Editor, Canada; Montréal, Canada (@bonnequin)
FRIGHTFEST 2011: THE GLASS MAN Review
The most uncomfortable subject is not sex; it is money. Not in political discussions, but personal ones. We don't ask people how much money they make; we don't ask them about their personal finances. It is probably safe to assume that as many marriages are damaged by money problems as by affairs. And in today's economic downturn, extreme debt could drive a person to do even criminal acts.

Martin Pyrite (Andy Nyman) is a kind, gentle man, very much in love with his beautiful wife (Neve Campbell). So much in love and so determined to maintain their very comfortable (if not rich) lifestyle that he lies to her about being fired from his job. He tries to reason with his former boss, he tries to reach out to his former coworkers, but no one will help him. He is tens of thousands of dollars in debt and on the brink of collapse. Then one night a rather shady man named Pecco shows up at his door and says he will help Martin, if Martin will help him with a job that is likely highly criminal.

And so begins Martin's frightening spiral to the depths of his own personal hell. The first half of the film focuses on Martin and the world he now inhabits. He is not a violent or harsh man; and so he is perceived as a coward and treated as such by his former boss and even petty thugs. To watch Martin shrivel in front of confrontation is painful; it elicits as much embarassment as pity from the audience. When wife mistakes a phone call from a female former colleague as evidence of an affair, Martin still cannot bring himself to tell her the truth. When Pecco forces him to drive to a forest and dig something up, you almost expect poor, beleaugered Martin to drop dead of a heart attack.

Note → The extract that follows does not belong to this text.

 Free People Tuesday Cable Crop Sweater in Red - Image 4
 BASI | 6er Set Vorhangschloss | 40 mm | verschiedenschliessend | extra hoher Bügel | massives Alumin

This is Crisitan Solimeno's feature-length film debut, and it is an incredible achievement. When Martin confronts his former boss, the camera shows the distance between them in reflection of how far Martin has fallen. And it closes in on Martin frequently, confronting him as those who are threatening him in his desperate state. The screenplay (by Solimeno as well) is like a neck, pulling tighter and tighter around Martin, and he helps it along. And it is a funny as it is horrifying; the humour is necessary to cut the tension, and and is inevitable in such a ridiculous situation. The tension begins in the first ten minutes, with a conversation between husband and wife about an item of clothing; seemingly innocent, but the dialogue is contrasted by the distance between them, filming one on the ground floor and the other three flights up, from the opposite's perspective. As Martin goes through the normal routine of the working day, we know something is not quite right. Everything is too perfect, and Martin does not fit in. Without a job, on the brink of losing his home and his wife, everything he has worked for and loved, there is no place left for him in perfection.

The strength of the script is matched with every beat by what is likely Nyman's best performance to date. Comedians generally excel at dramatic roles, and Nyman is no exception. He treats Martin with respect, but does not shy away from pulling back layers of control, and with every flick of his eye and movement of his body, showing a man who, as in the title, is showing the cracks spreading fast and furious through his psyche. His dire circumstances are such that the last four pounds in his pocket are spent joyfully and gratefully on ice cream; this little things are all he has left. Nyman shows Martin as a devoted and quietly passionate husband and friend, never wanting to hurt anyone and yet unable to stop his rapid downfall. Nyman is matched in performance by James Cosmo as Pecco. Where Martin is glass, Pecco is the hardest cement, scarred but impossible to break, and his threats are so frightening that laughter seems the only logical reaction.

A surprisingly funny and brilliantly tight psychological thriller, The Glass Man is easily one of the best films at the festival this year, and one of the best of 2011 from the UK. Certainly topical in its examination of financial woes, it widens to a larger inquiry into how far an individual will go to save his own existence and those who he loves, and the danger of extreme collapse on the human mind.